Scraped caption text data
---

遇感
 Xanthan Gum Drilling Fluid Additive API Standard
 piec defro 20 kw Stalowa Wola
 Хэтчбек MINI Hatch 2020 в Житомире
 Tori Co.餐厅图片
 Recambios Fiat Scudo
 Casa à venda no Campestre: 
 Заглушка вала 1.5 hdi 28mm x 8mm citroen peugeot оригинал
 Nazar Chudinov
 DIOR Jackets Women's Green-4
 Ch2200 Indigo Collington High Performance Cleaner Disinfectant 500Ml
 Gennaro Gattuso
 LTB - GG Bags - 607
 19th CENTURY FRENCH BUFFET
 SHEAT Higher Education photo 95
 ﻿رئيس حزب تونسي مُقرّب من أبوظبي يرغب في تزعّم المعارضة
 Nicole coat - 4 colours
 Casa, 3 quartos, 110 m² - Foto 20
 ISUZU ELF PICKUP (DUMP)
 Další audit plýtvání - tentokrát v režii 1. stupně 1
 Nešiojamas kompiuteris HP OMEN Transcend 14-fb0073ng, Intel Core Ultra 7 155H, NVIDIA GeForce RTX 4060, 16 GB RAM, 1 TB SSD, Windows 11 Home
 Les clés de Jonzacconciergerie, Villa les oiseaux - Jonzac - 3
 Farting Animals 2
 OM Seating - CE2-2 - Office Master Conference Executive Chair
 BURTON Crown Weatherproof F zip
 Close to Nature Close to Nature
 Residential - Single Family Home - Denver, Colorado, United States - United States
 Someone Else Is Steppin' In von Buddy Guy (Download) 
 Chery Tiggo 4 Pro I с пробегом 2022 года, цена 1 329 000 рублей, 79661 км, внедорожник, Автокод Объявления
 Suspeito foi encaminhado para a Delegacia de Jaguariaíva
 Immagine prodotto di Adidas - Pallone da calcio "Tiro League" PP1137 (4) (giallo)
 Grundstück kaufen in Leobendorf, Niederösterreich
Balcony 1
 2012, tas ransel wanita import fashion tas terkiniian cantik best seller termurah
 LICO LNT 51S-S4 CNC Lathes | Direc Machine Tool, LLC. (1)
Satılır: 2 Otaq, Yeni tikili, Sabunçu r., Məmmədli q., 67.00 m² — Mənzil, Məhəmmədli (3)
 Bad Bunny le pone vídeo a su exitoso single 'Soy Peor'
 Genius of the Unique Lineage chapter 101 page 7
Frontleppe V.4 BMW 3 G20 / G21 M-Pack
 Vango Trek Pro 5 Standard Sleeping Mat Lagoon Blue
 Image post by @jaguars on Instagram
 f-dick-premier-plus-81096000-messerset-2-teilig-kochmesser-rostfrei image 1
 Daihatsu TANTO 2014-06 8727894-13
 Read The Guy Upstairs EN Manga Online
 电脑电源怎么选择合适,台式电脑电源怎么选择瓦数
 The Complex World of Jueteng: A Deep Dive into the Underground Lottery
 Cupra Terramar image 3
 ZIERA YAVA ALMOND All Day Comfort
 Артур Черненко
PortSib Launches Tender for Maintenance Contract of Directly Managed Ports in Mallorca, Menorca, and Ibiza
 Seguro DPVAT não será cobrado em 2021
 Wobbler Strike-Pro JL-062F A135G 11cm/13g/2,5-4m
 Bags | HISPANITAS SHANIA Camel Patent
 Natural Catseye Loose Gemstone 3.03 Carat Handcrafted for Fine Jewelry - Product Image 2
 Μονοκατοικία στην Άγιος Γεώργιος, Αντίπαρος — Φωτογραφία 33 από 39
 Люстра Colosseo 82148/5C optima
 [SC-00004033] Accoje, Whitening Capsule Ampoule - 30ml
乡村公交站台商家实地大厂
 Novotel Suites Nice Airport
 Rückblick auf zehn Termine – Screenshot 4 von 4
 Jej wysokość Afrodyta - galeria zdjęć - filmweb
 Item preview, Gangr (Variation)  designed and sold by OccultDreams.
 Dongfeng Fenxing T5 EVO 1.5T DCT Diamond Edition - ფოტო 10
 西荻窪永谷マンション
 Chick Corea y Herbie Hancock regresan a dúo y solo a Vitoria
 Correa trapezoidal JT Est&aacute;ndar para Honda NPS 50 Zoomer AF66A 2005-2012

---

> _Work to complete_: Out of the entries above, write out only the lines between the line holding "Recambios Fiat Scudo" and the line holding "Seguro DPVAT não será cobrado em 2021", inclusive, each exactly as given.

> _Result for this task_:
 Recambios Fiat Scudo
 Casa à venda no Campestre: 
 Заглушка вала 1.5 hdi 28mm x 8mm citroen peugeot оригинал
 Nazar Chudinov
 DIOR Jackets Women's Green-4
 Ch2200 Indigo Collington High Performance Cleaner Disinfectant 500Ml
 Gennaro Gattuso
 LTB - GG Bags - 607
 19th CENTURY FRENCH BUFFET
 SHEAT Higher Education photo 95
 ﻿رئيس حزب تونسي مُقرّب من أبوظبي يرغب في تزعّم المعارضة
 Nicole coat - 4 colours
 Casa, 3 quartos, 110 m² - Foto 20
 ISUZU ELF PICKUP (DUMP)
 Další audit plýtvání - tentokrát v režii 1. stupně 1
 Nešiojamas kompiuteris HP OMEN Transcend 14-fb0073ng, Intel Core Ultra 7 155H, NVIDIA GeForce RTX 4060, 16 GB RAM, 1 TB SSD, Windows 11 Home
 Les clés de Jonzacconciergerie, Villa les oiseaux - Jonzac - 3
 Farting Animals 2
 OM Seating - CE2-2 - Office Master Conference Executive Chair
 BURTON Crown Weatherproof F zip
 Close to Nature Close to Nature
 Residential - Single Family Home - Denver, Colorado, United States - United States
 Someone Else Is Steppin' In von Buddy Guy (Download) 
 Chery Tiggo 4 Pro I с пробегом 2022 года, цена 1 329 000 рублей, 79661 км, внедорожник, Автокод Объявления
 Suspeito foi encaminhado para a Delegacia de Jaguariaíva
 Immagine prodotto di Adidas - Pallone da calcio "Tiro League" PP1137 (4) (giallo)
 Grundstück kaufen in Leobendorf, Niederösterreich
Balcony 1
 2012, tas ransel wanita import fashion tas terkiniian cantik best seller termurah
 LICO LNT 51S-S4 CNC Lathes | Direc Machine Tool, LLC. (1)
Satılır: 2 Otaq, Yeni tikili, Sabunçu r., Məmmədli q., 67.00 m² — Mənzil, Məhəmmədli (3)
 Bad Bunny le pone vídeo a su exitoso single 'Soy Peor'
 Genius of the Unique Lineage chapter 101 page 7
Frontleppe V.4 BMW 3 G20 / G21 M-Pack
 Vango Trek Pro 5 Standard Sleeping Mat Lagoon Blue
 Image post by @jaguars on Instagram
 f-dick-premier-plus-81096000-messerset-2-teilig-kochmesser-rostfrei image 1
 Daihatsu TANTO 2014-06 8727894-13
 Read The Guy Upstairs EN Manga Online
 电脑电源怎么选择合适,台式电脑电源怎么选择瓦数
 The Complex World of Jueteng: A Deep Dive into the Underground Lottery
 Cupra Terramar image 3
 ZIERA YAVA ALMOND All Day Comfort
 Артур Черненко
PortSib Launches Tender for Maintenance Contract of Directly Managed Ports in Mallorca, Menorca, and Ibiza
 Seguro DPVAT não será cobrado em 2021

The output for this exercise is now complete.